Nowadays, many organizations are promoting new technologies such as smart blood pressure bracelets and AI follow-up systems. I have also tried to equip several elderly people with mixed results: the elderly who can use smartphones find it particularly convenient, and the data is automatically synchronized to our backend, which saves a lot of trouble.; However, some elderly people who do not know how to use smart devices have not turned on their bracelets after wearing them for half a month. Some elderly people find it too annoying for the AI phone to urge them to take medicine every day, so they directly block their number. To put it bluntly, nursing is essentially a job of dealing with people. Cold indicators and procedures can never replace sitting down and chatting with the patient for 10 minutes about daily life, and knowing whether he has trouble sleeping due to family troubles recently or whether he has bad teeth and can only eat salty stewed vegetables. These are the keys to determining the effect of nursing care.

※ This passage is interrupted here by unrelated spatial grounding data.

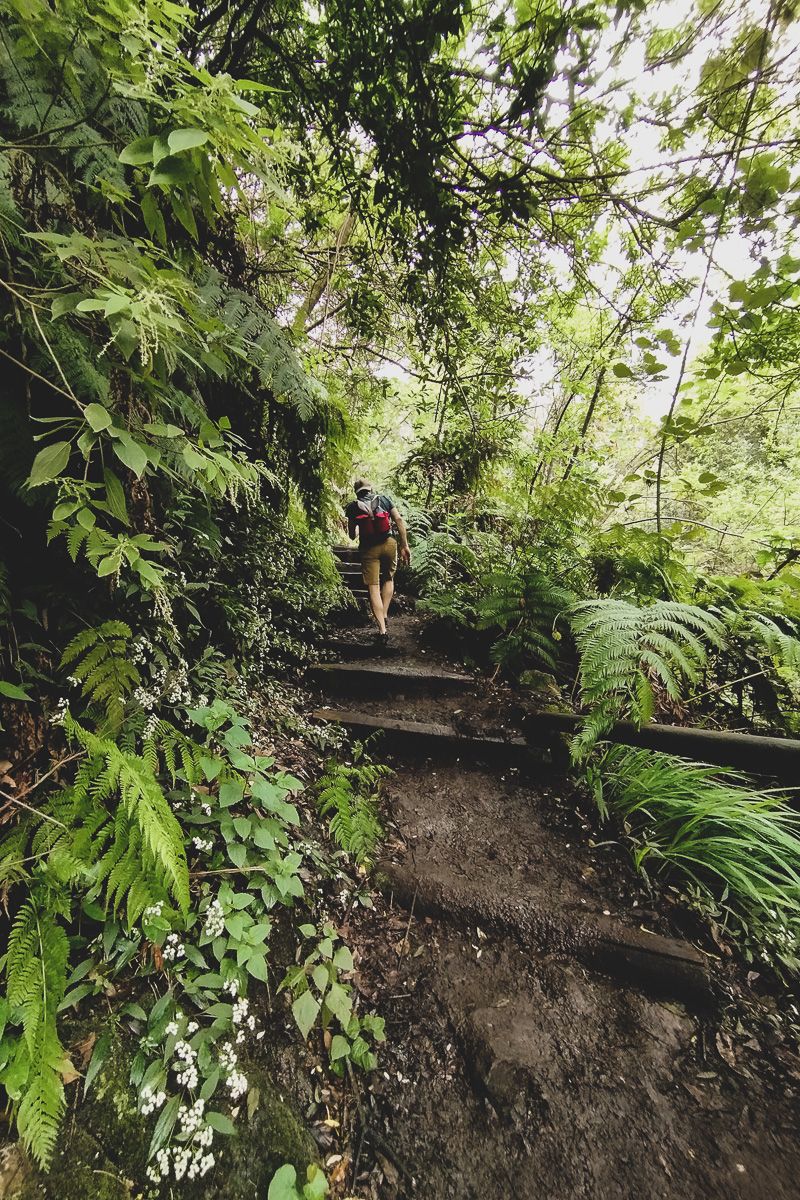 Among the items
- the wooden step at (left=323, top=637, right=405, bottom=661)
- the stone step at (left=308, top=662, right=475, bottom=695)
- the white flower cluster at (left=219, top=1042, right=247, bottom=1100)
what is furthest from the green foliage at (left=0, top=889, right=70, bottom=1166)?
the wooden step at (left=323, top=637, right=405, bottom=661)

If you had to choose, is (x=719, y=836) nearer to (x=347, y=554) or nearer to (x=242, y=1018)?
(x=242, y=1018)

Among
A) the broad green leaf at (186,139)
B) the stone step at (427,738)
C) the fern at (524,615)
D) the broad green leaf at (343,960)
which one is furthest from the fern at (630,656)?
the broad green leaf at (186,139)

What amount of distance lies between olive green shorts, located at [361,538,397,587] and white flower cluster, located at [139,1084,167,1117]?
431 cm

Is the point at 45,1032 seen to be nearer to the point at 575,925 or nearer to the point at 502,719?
the point at 575,925

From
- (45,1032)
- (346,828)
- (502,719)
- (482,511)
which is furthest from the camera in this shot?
(482,511)

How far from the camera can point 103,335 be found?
1.63 m

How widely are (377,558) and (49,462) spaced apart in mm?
4065

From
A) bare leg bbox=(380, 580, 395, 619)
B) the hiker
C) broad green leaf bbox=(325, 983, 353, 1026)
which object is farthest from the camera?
bare leg bbox=(380, 580, 395, 619)

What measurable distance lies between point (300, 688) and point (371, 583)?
1.71m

Oh, yes, one last thing to mention, we are still adjusting the current layered intervention model. For example, for migrant workers with high blood pressure, they are very mobile and do not have time to come to the community for regular follow-up. We are now trying to send them portable low-sodium salt packets and make a 15-second short video to teach them how to reduce salt when cooking at the construction site. The follow-up data are still being collected. Maybe in half a year, new experience will be available.